Le déclenchement de cette nouvelle panique est du à la véritable guerre monétaire que se livrent Washington et Bonn, à coups de hausse des taux d’intérêts. L’augmentation des taux crève la bulle spéculative. La panique qui s’en suit est d’une espèce nouvelle : c’est une panique qui ne touche pas seulement les hommes, mais également les ordinateurs.

Programmées par les golden boys pour débiter automatiquement des ordres d’achat et de vente à la moindre variation des cours, les machines réagissent bêtement. Les cours s’effondrent ; elles vendent massivement. Les cours baissent encore : elles vendent encore.

En très peu de temps 500 milliards de dollars se volatilisent. Mais la leçon de 1929 a été retenue et, cette fois-ci l’économie est réellement saine. Très vite les vieux opérateurs reprennent les choses en main. Les golden boys sont écartés d’abord, licenciés ensuite (20 000 à Wall Street ). Leurs machines infernales débranchées. Les Zinzins achètent massivement, les taux sont baissés. Les états mettent tout leur poids dans la garantie

des marchés et des intermédiaires. La tempête passe très vite et la bourse reprend son ascension.

 

La crise asiatique et le e-krach.

Les deux dernières crises financières se sont produites coup sur coup entre 1997 et 2000.

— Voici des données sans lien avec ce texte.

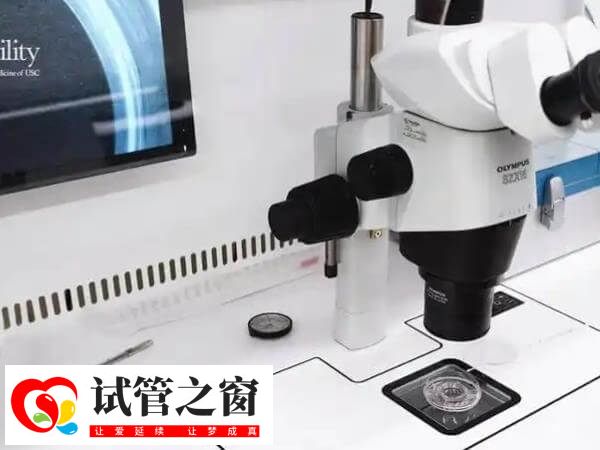 试管多次种植失败怎么办(图1) 试管移植失败先查明原因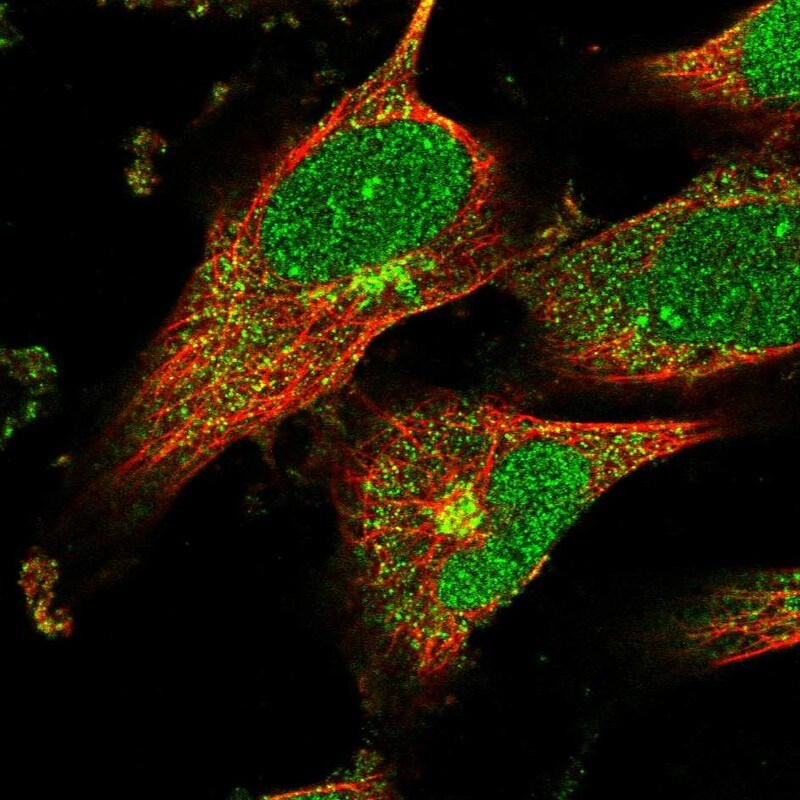 PPIL6 Antibody - BSA Free Immunocytochemistry/ Immunofluorescence: PPIL6 Antibody [NBP1-88766]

La crise asiatique n’est pas un krach boursier à proprement parler mais a eu des conséquences financières importantes.

La reprise économique des années 80-90 a fait la part belle aux économies du sud est asiatique, entraînées par le Japon et la délocalisation. Prise dans l’euphorie les entreprises de cette zone se sont lourdement auprès des banques qui, en oubliant toute prudence ont financé des investissements lourdement surdimensionnés.

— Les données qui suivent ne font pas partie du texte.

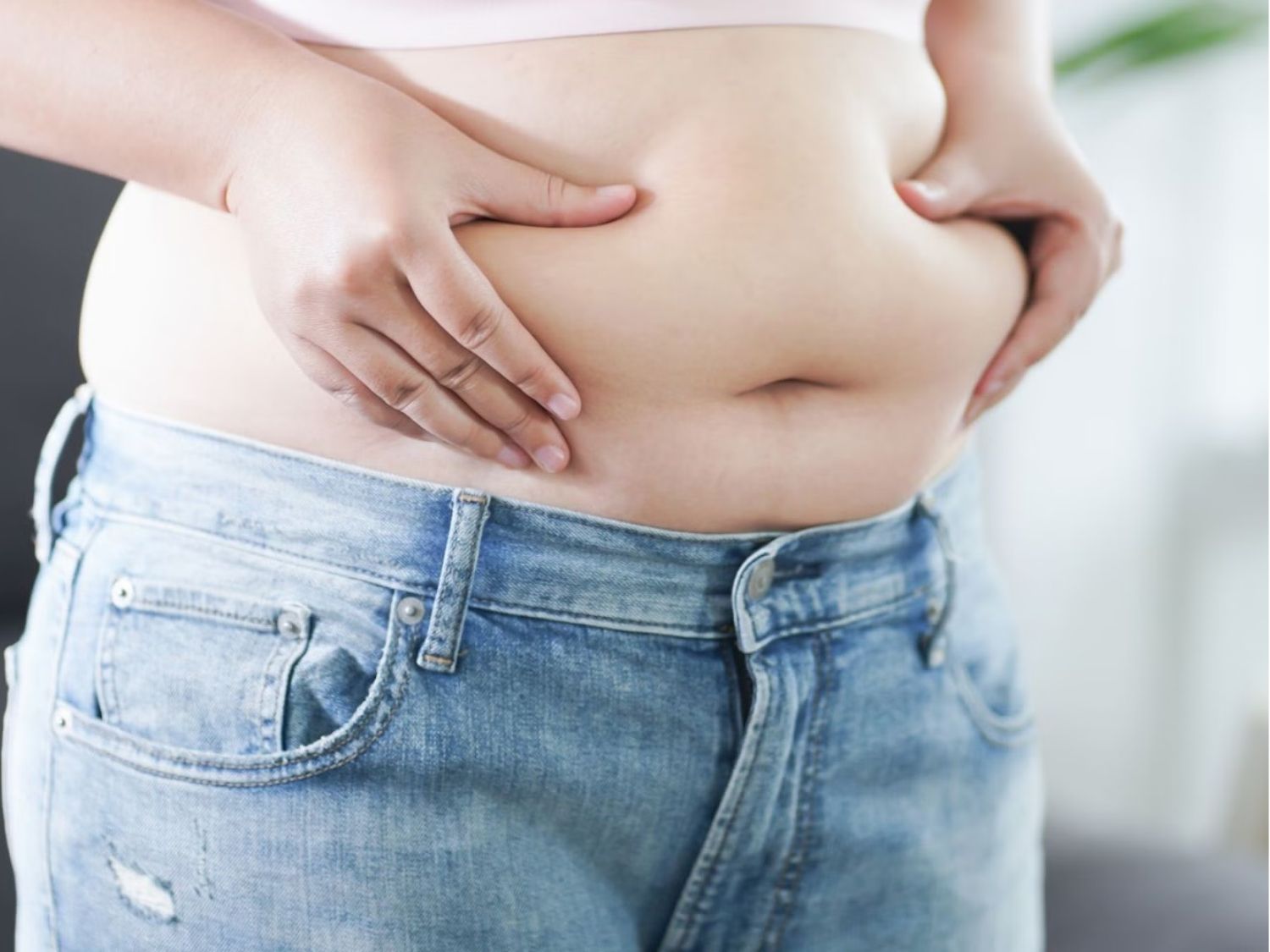 tình trạng mỡ bụng trên khiến nhiều người tự ti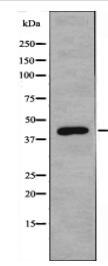 DHPS Antibody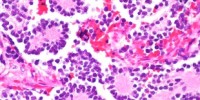 image: Fasting Heightens Chemotherapy Benefits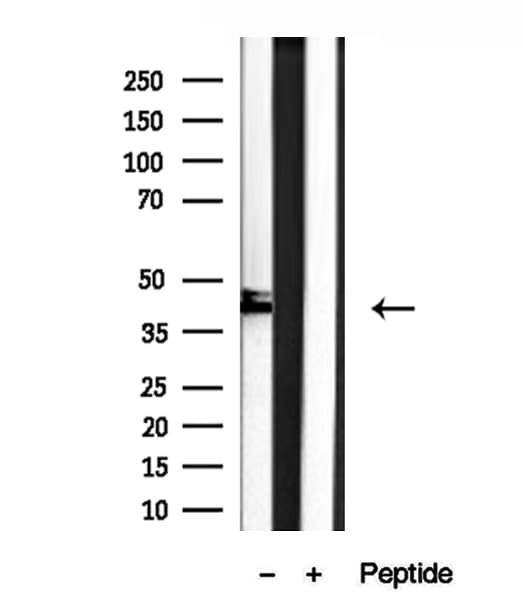 SHARPIN Antibody
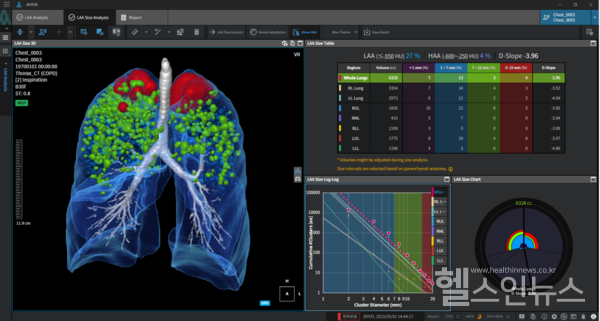 AVIEWCOPD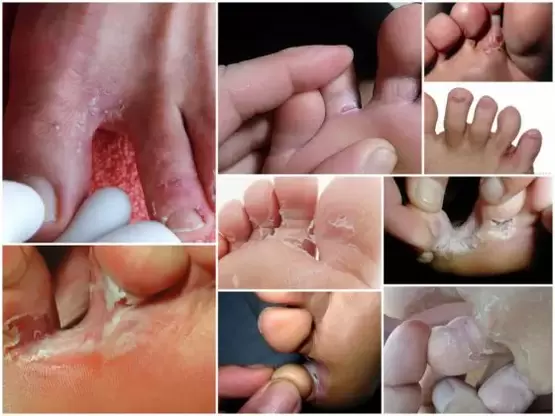 symptoms of fungus between the toes photo 1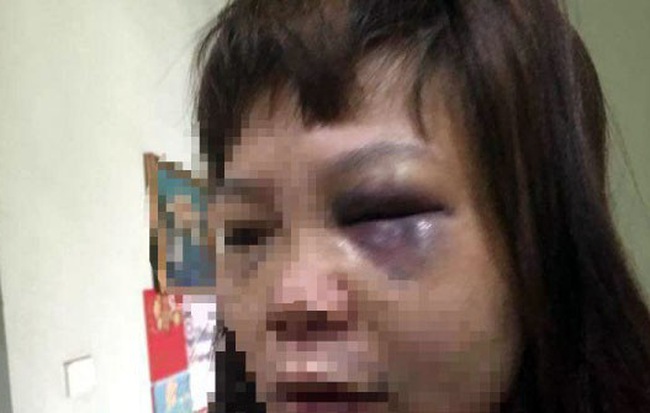 Khởi tố người chồng ở Quảng Ninh đưa vợ lên đồi đánh đập, cắt cẳng chân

Le déclic va être une crise immobilière en Thaïlande qui met plusieurs banques en cessation de paiements. En Juillet 1997 une spéculation à outrance contre le bath thaïlandais entraîne la sa chute vertigineuse et celle des monnaies indonésienne, malaise, et philippine (jusqu’à 75%

de baisse). La crise se répercute à l’automne sur les puissances industrielles de la zone (Corée, Taiwan, Singapour, Hong Kong) dont les entreprises et les banques étaient lourdement endettées.

Pendant que l’orient coule, en occident on se la coule douce : chez nous les marchés financiers qui avaient été secoués par plusieurs crises successives ont trouvé un autre filon :

les NTIC, les nouvelles technologies de l’information et de la communication. Des entreprises minuscules mais à fort potentiel (les start up) font des étincelles sur le NASDAQ (National Association of Securities Dealers Automated Quotations, créé en 1971), le marché qui leur est

consacré à New York. Chacun voit dans le moindre portail internet une opportunité à saisir.

L’exemple de Microsoft qui a crée des millionnaires à la pelle (en 1993 deux mille deux cents employés de Microsoft étaient millionnaires) est dans tous les esprits et tout le monde à défaut d’imiter Bill Gates pour le moins « se remplir les poumons de l’air qu’il avait respiré ».

Bien entendu toute prudence est oubliée et la bulle devient colossale. Au tournant du millénaire tout le monde retient son souffle parce qu’on craint un « bug » pour le 31 décembre à minuit. Il ne se passera rien. C’est en avril que la bulle éclate sur le NASDQ entraînant toutes les places boursières de la planète. Le CAC 40 qui avait franchi le cap des 6000 points se retrouve à 2300. Même les entreprises les plus solides ont vu le cours de leur action fondre de 50 ou 75%. Quand aux start up, la plupart ont connu le sort des bulles de savon.